Sensitivity analysis

Among health economists the FC method is considered to reflect best the societal productivity costs and was therefore chosen for the reference case.30,31 In order to adjust for several assumptions that were made in calculating the reference case, sensitivity analyses were performed. Firstly, FC were extended for total and not exclusive AS related sick leave. Secondly, costs were reanalysed when questionnaires were missing by considering the number of days of sick leave to be equal to no sick leave and also by assuming the patient was on sick leave during the entire missing period. Thirdly, the length of sick leave in patients who were absent from work for six months or longer during the two years of follow up was replaced by the mean duration of sick leave in the remaining patients of that country, and in a following analysis the same was done for patients reporting more than three months of sick leave. In a last sensitivity analysis, country-specific production values (adjusted for part time work or partial work disability for each individual patient) were used instead of patient reported income. Eurostat data on income per working day as well as data from each country's national bureau of statistics were used because data differed according to the different sources.

RESULTS

Patients

In total, 135 Dutch, 54 French, and 27 Belgian patients with AS started the study. Of the initial 137 Dutch patients, sampled from the standard diagnosis register of rheumatic diseases, two did not fulfil radiological criteria for AS and were therefore not included. In the course of the two years' follow up, five Dutch, one French, and one Belgian patient dropped out of the study. Of the five Dutch patients who ended the study prematurely, one was a housewife, one an elderly retired man, and the other three were male patients with full work disability because of AS. The French patient was a 39 year old man with a part time job and partial work disability.

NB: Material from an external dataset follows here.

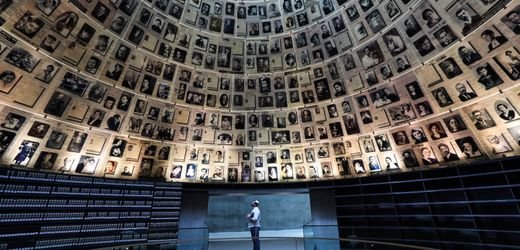 Yad Vashem in Deutschland: Streit um Einflussnahme und deutsche Erinnerungslücken – ein Debattenbeitrag von Deborah Hartmann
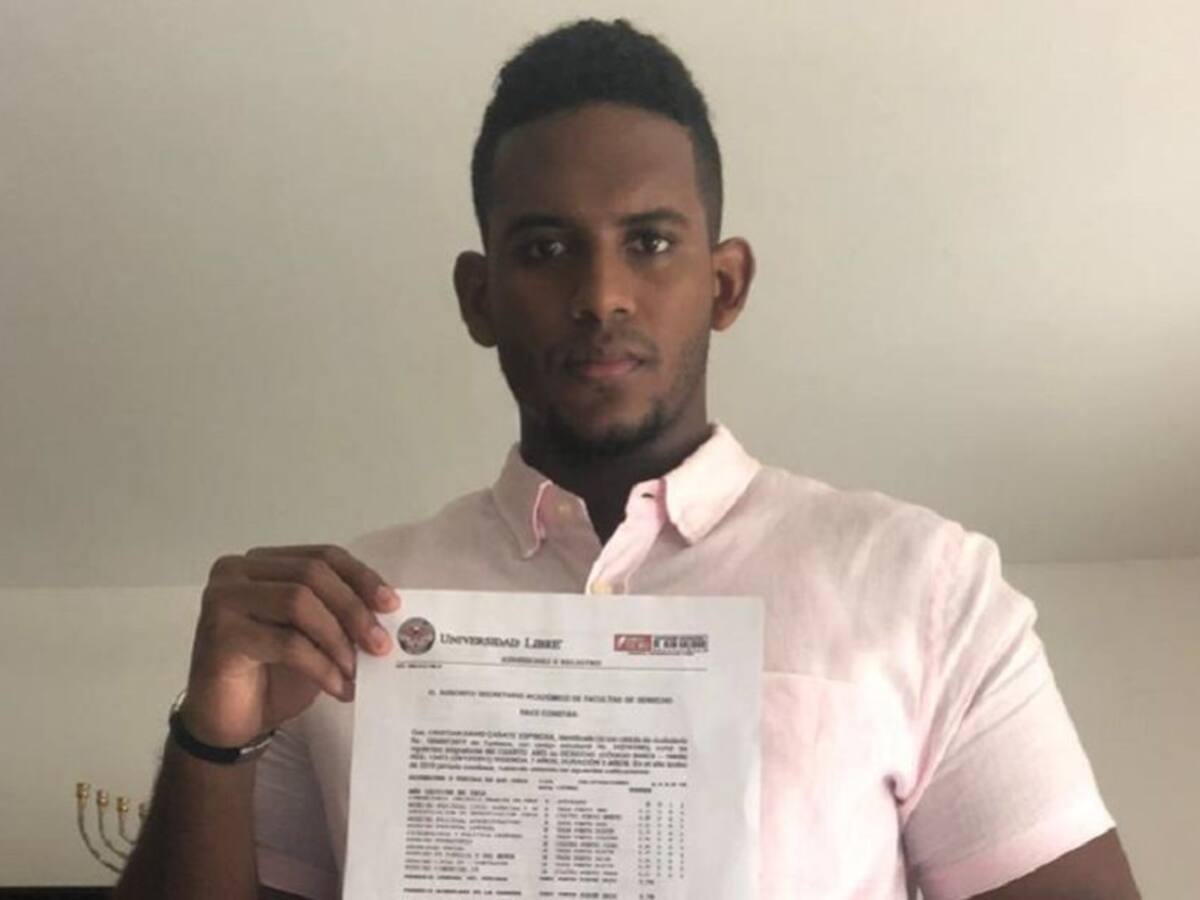 Por una beca, estudiante en Cartagena podría atrasar su grado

The Belgian patient was a 34 year old woman working full time. All patients who completed the two years' follow up had answered at least nine of 12 questionnaires. Table 1 presents the sociodemographic characteristics of patients who completed the study. Dutch patients were somewhat older, had on average a lower educational level, and reported worse physical function (BASFI). Belgian patients less often had peripheral arthritis. Of the French patients, fewer had a manual job and none of these patients had concomitant inflammatory bowel disease.

Table 1

Baseline characteristics of patients with AS completing the study

Work status and sick leave

Table 2 presents the baseline socioeconomic status of all completers. Including the patients with incomplete follow up did not change the results significantly (maximal difference of 1% with the presented figures, data not shown). Employment in NL is lower and work disability higher than in both other countries (χ2, p<0.05). In the course of the two years' follow up, one Dutch, three French, and one Belgian patient received a new official work disability status, and in two of the Dutch patients the disability level was increased. In the Dutch group two elderly patients retired as did two in the French and one in the Belgian group.

Table 2

Economic activity at baseline per country for patients with AS completing the study. Results are shown as number (%)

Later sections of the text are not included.